Some pictures are words, a text that describes a moment or event. Words form stories. It’s fun to play with words, because words tell the truth. Words on paper are what they pretend to be. That doesn’t seem to apply to spoken words, people often say one thing but mean another. She finds that very hard to understand.

They say she began to talk when she was one year old and hasn’t been quiet since. That’s probably true, as the struggle to stem the flow of words is one of her biggest challenges. To try to keep quiet and not speak all the time, about everything, to everybody, interrupting anyone and everyone.

There’s just such a short distance from her thoughts to her mouth. And her mind is in fast forward. She notices everything, compares, classifies and interprets, in attempts to find logic. Make herself understood. Understand others. There is an endless talk show going on in her head and sometimes she just forgets to turn off the sound. She notices when people stop listening, sees their gaze turn away and is always a little bit hurt although she really can’t stop. She has so much to say.

She also remembers a lot of words that she doesn’t understand. Words in a foreign language for example. Long and complex words that will wait in her brain until she finds their meaning, often by chance, often years later. When that happens, a picture gets attached to the word and both find their correct place in her catalog.

Asperger

The word ‘Asperger’ isn’t particularly long but it’s meanings are multiple. In fact the word is a name, a surname, as well as being used as a term to describe a syndrome on the autism spectrum.

Asperger didn’t exist in the catalog inside the girls’ brain. She would have known, as the layered significance of the word would have made it complex and as such, unforgettable. A word with a clear meaning, yet variable according to its use as well as depending on the individuals it’s used to describe.

The man Hans Asperger didn’t “have Asperger’s”. He was just one of the first people to link together various attributes of a certain group of people who had difficulties with social interaction while at the same time being rather intelligent.
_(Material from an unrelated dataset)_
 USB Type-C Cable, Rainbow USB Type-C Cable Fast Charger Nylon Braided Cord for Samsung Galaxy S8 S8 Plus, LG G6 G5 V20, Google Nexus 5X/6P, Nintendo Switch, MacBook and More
Aspeger was in fact quite clever himself, but in a different way. He didn’t necessarily memorize the registration plates of all the cars in his neighborhood or store long foreign words in his brain to find their meaning later. And Asperger didn’t necessarily notice the girls, like this one, who were almost the same as everyone else, just not quite. Who learned some things at super-speed while struggling hard with others. Who hid their troubles carefully and pretended that nothing was wrong. Like this girl who did her best to fit in, with the aid of pictures and words and a brain that never stopped looking and categorizing and searching for patterns. Whose head was so full of words that they kept falling out of her mouth.

It took a long time for her to see that the word Asperger didn’t just apply to nerdy boys obsessed with computer games who don’t like the potatoes touching the meat. That it also applies to girls who hold on tight to their cameras like travelers fallen to the Earth and feel as though they’re just learning to speak like the natives. Act like the others. Appear normal.

Half a lifetime

Hans Asperger was around forty when he described the syndrome that bears his name. I was well past forty when I knew for certain that the lens through which I see the world was Asperger’s syndrome

I know a lot about Asperger’s syndrome, as well as many other things, but I definitely still have some revising to do on my ‘users manual’ and need to reevaluate quite a lot in my heart and mind. This blog will be part of that process.
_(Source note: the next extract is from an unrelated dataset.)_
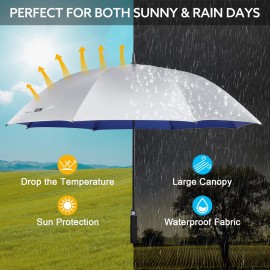G4Free 62 Inch UV Protection Golf Umbrella UPF 50+ Large Sun Blocking Auto Open Windproof Rain Umbrellas (Silver/Blue)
I feel a bit awkward about not having found this out sooner. That I didn’t see how off center my camera often was. How different my point of view was often from that of other people. Systematically and unalterably. Firmly.

Yet I still think that the girl in the picture has done incredibly, incredibly, incredibly well. And I would like to reach back in time to hug the little traveler, pat her on the back and say: It’s going to be alright.